> **EXERCISE REQUIREMENTS**: Reproduce the listing below from the line with "Vinh danh người" to the line with "Photo 5 of 2000", both lines included, character for character, minus any pictures.

> **EXERCISE MATERIAL**:
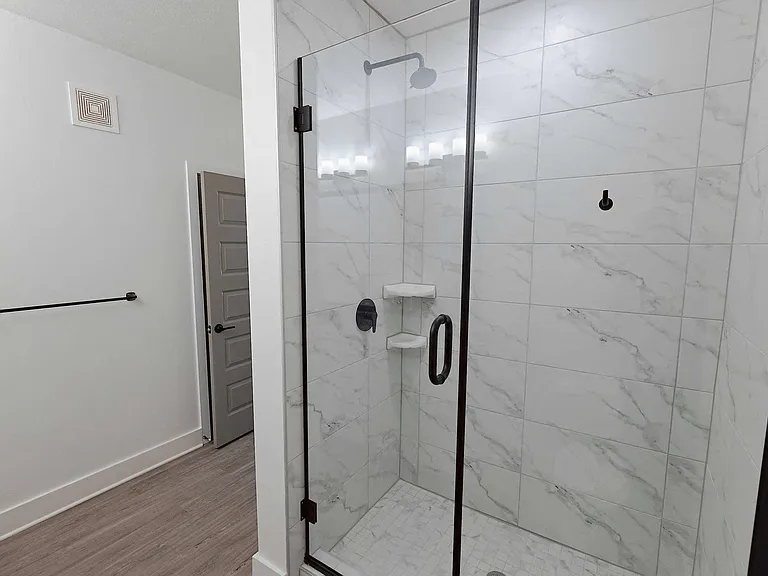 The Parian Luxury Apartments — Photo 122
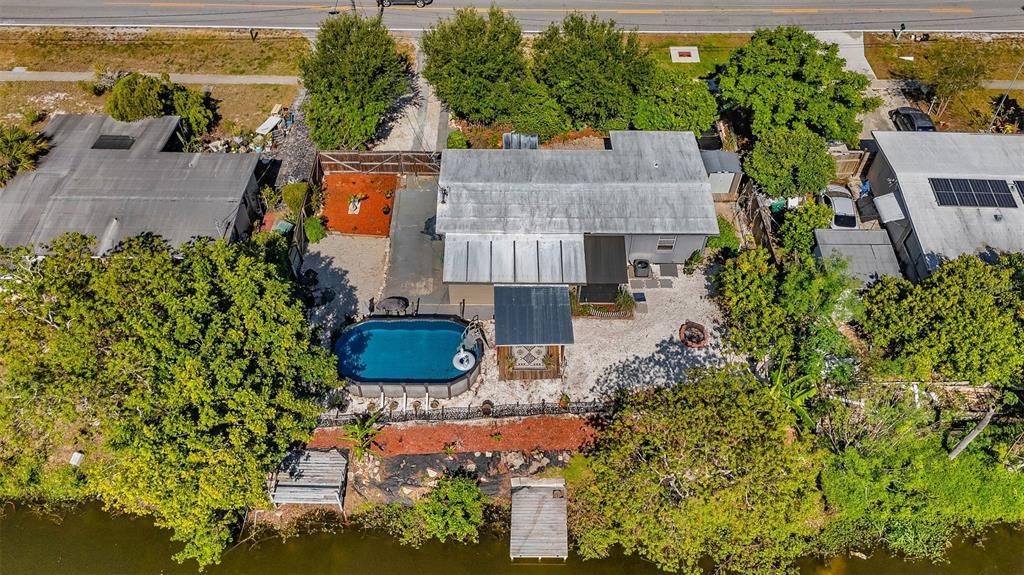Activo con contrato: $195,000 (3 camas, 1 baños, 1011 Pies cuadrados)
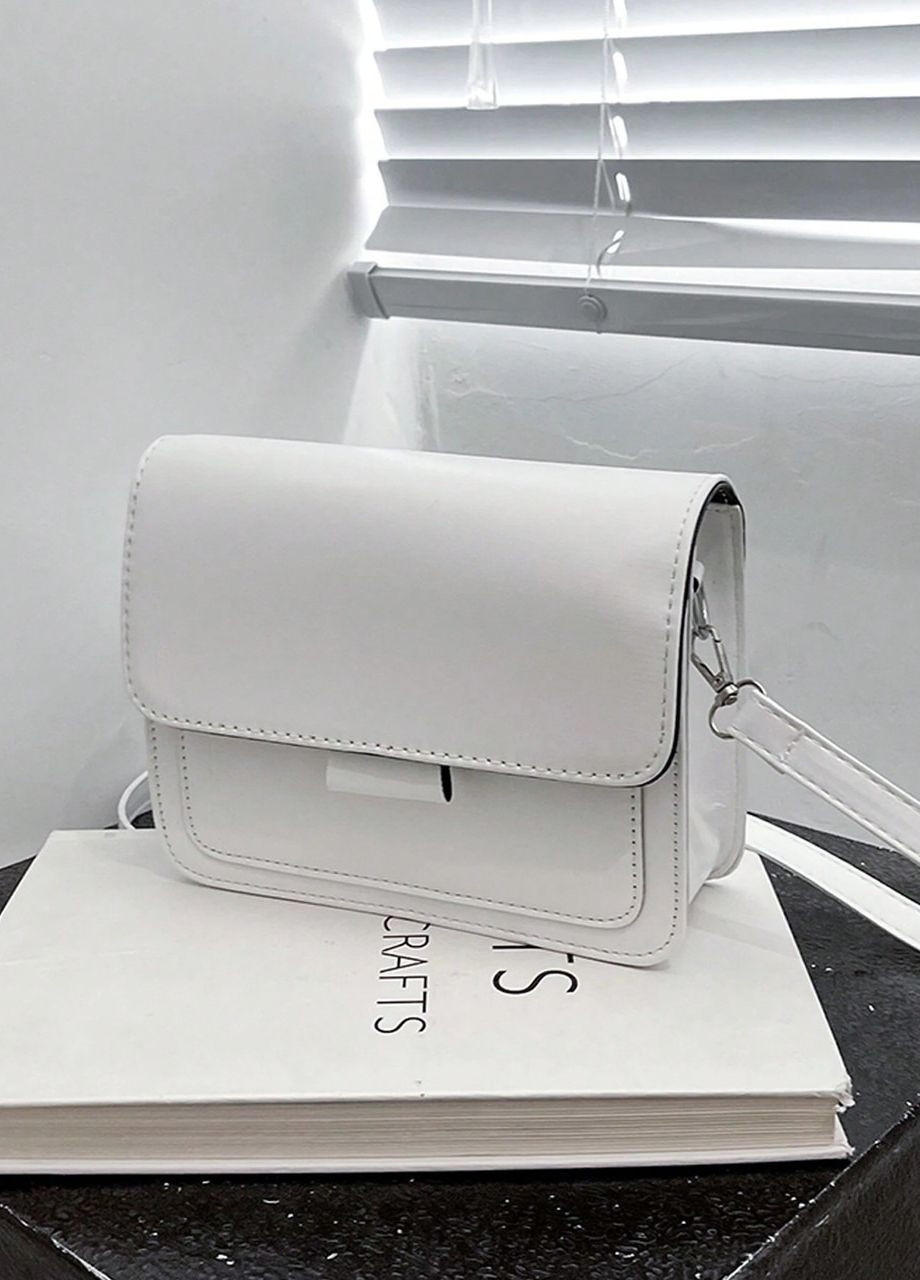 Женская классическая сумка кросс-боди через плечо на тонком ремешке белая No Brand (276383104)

==

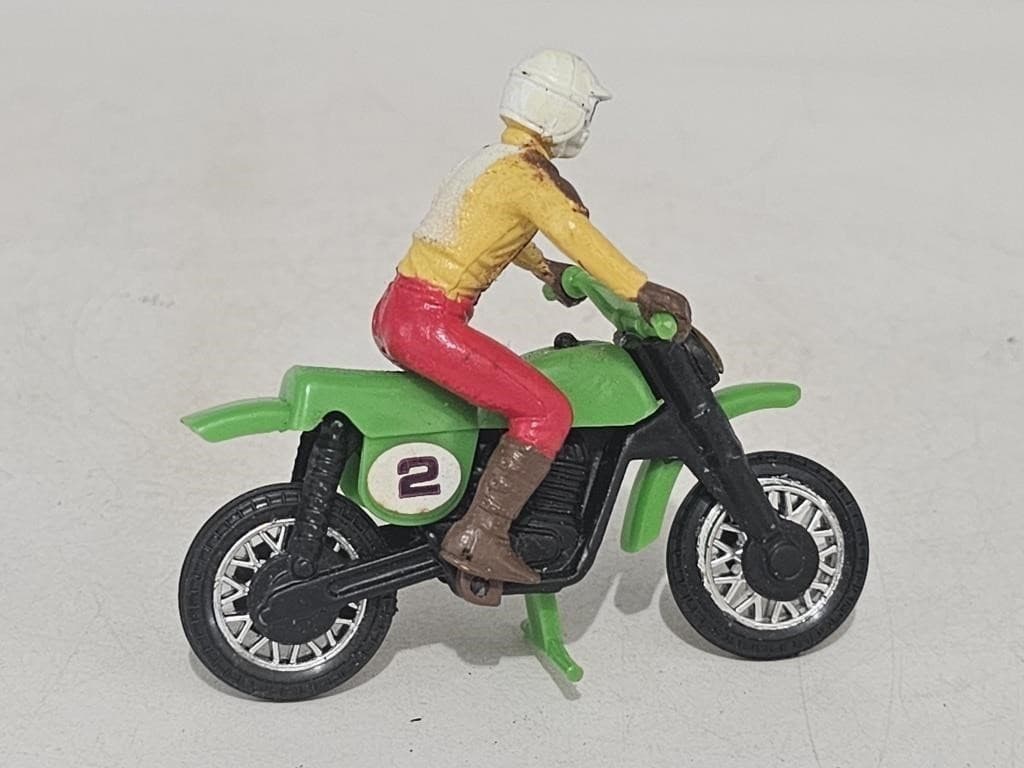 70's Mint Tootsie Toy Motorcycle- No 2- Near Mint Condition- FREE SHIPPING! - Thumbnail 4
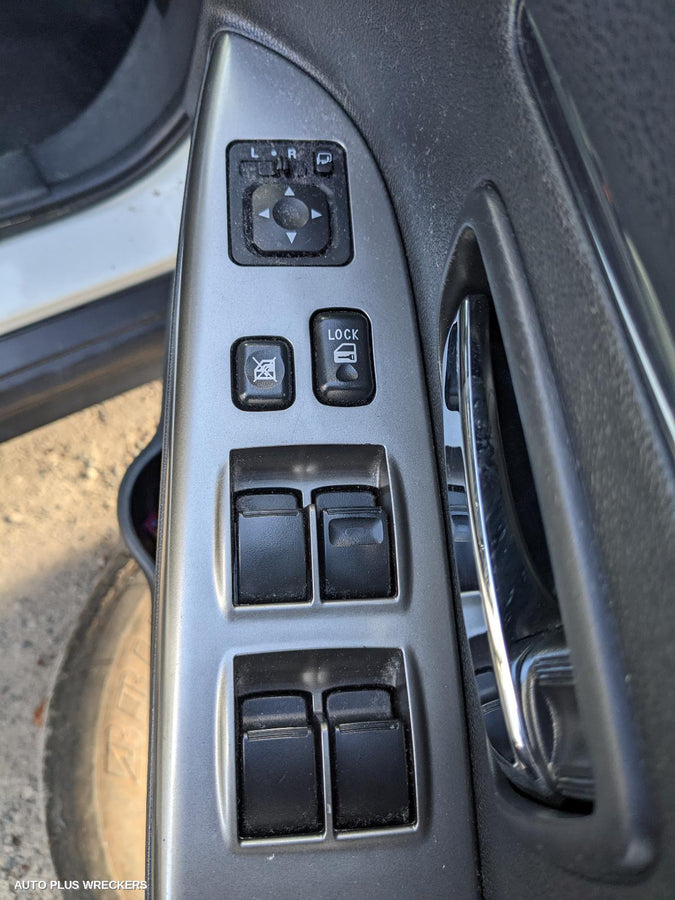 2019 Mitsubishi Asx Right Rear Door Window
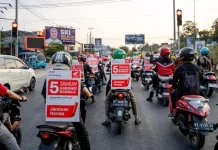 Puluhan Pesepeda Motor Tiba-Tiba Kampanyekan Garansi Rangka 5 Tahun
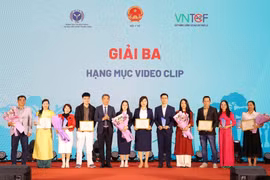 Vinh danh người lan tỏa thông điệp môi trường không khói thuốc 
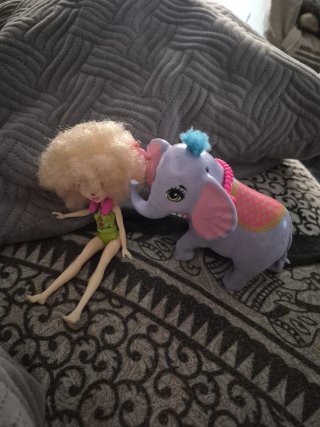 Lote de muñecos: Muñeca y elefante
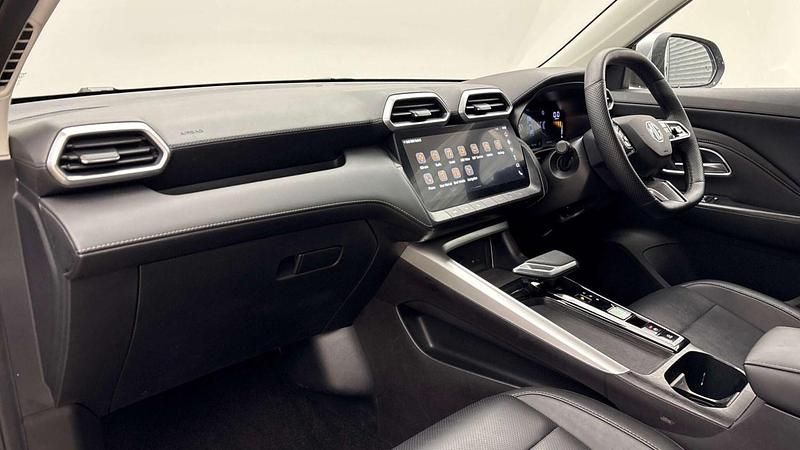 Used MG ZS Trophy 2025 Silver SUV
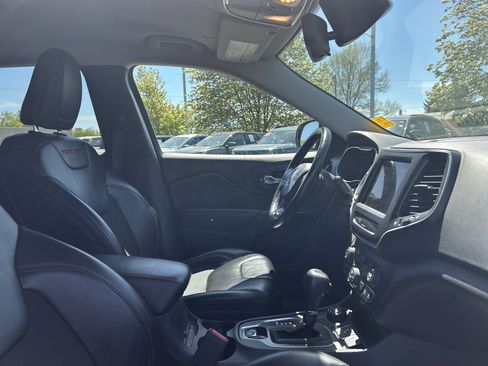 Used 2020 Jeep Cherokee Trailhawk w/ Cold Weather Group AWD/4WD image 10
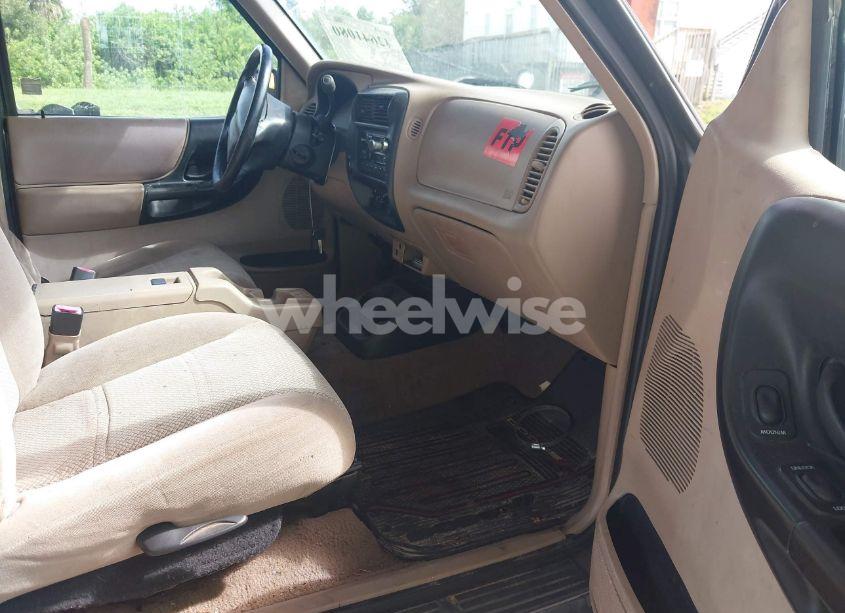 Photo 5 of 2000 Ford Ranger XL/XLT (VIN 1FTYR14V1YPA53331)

==

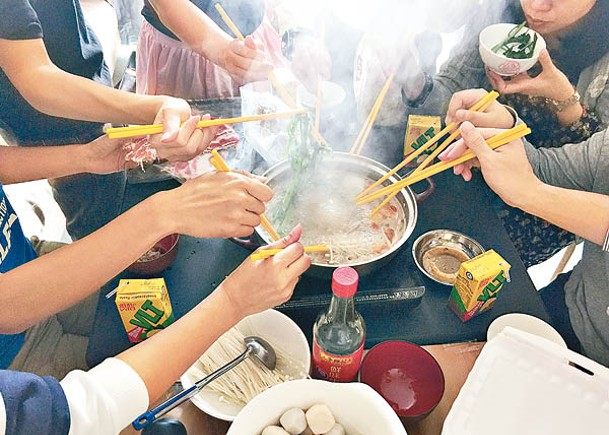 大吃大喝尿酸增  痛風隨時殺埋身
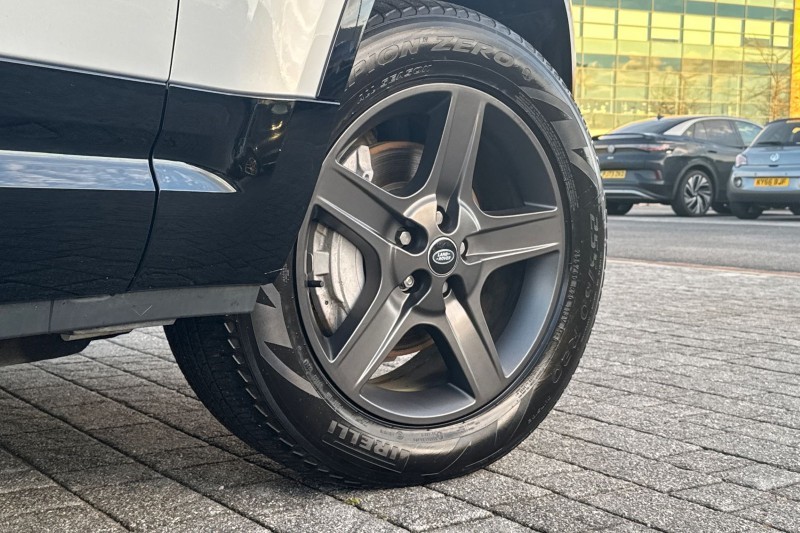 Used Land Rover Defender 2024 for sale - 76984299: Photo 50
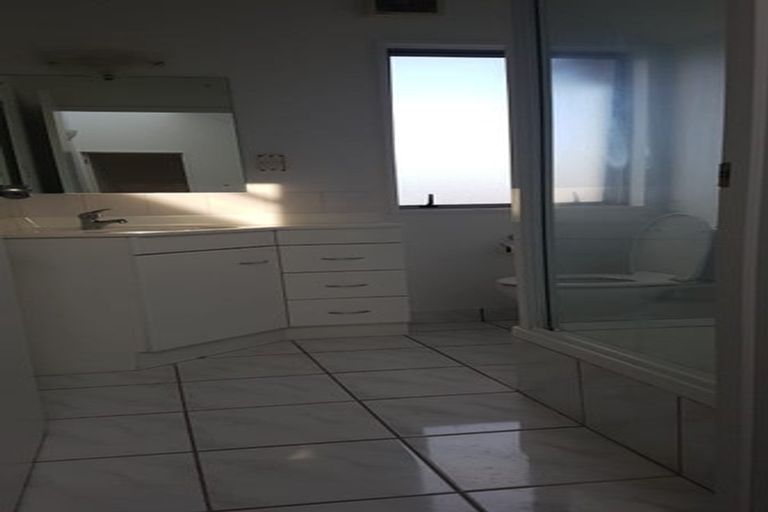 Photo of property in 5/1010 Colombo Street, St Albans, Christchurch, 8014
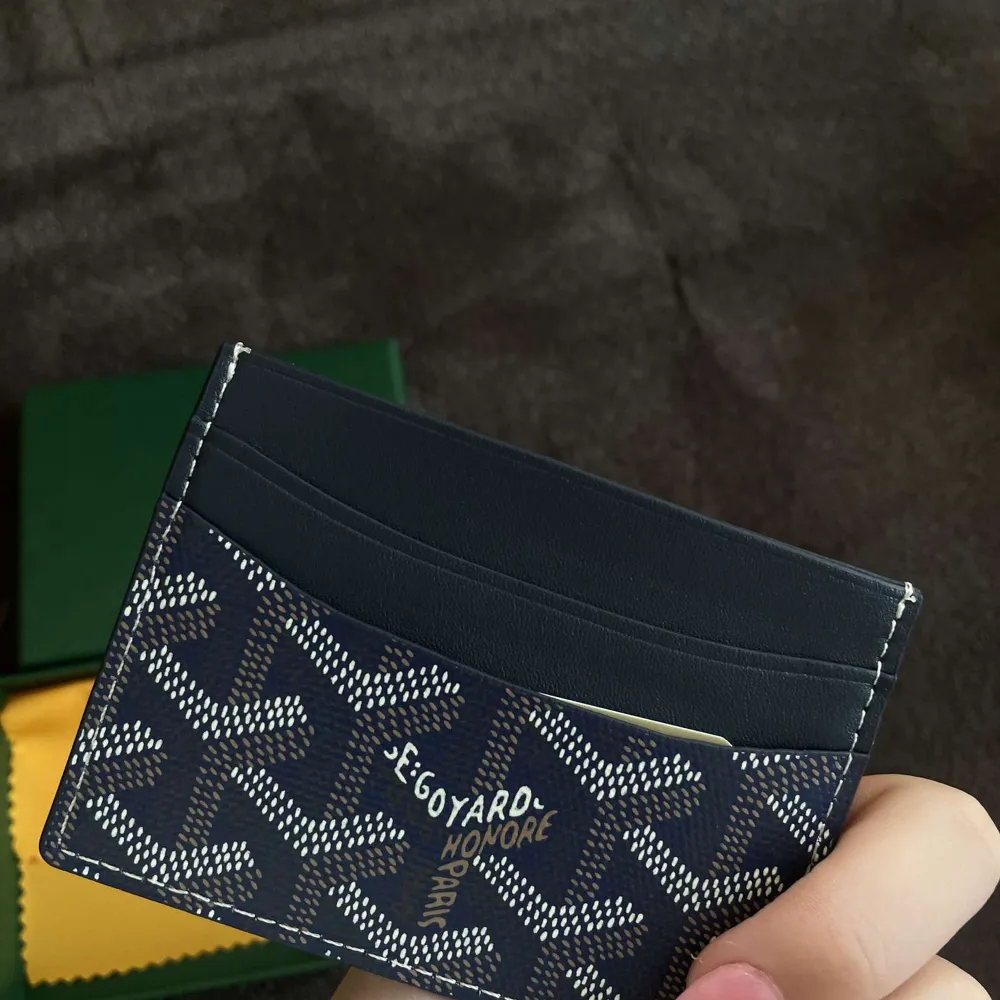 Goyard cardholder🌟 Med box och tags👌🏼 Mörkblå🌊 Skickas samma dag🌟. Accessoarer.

> **FINISHED TASK**:
 Vinh danh người lan tỏa thông điệp môi trường không khói thuốc 
 Lote de muñecos: Muñeca y elefante
 Used MG ZS Trophy 2025 Silver SUV
 Used 2020 Jeep Cherokee Trailhawk w/ Cold Weather Group AWD/4WD image 10
 Photo 5 of 2000 Ford Ranger XL/XLT (VIN 1FTYR14V1YPA53331)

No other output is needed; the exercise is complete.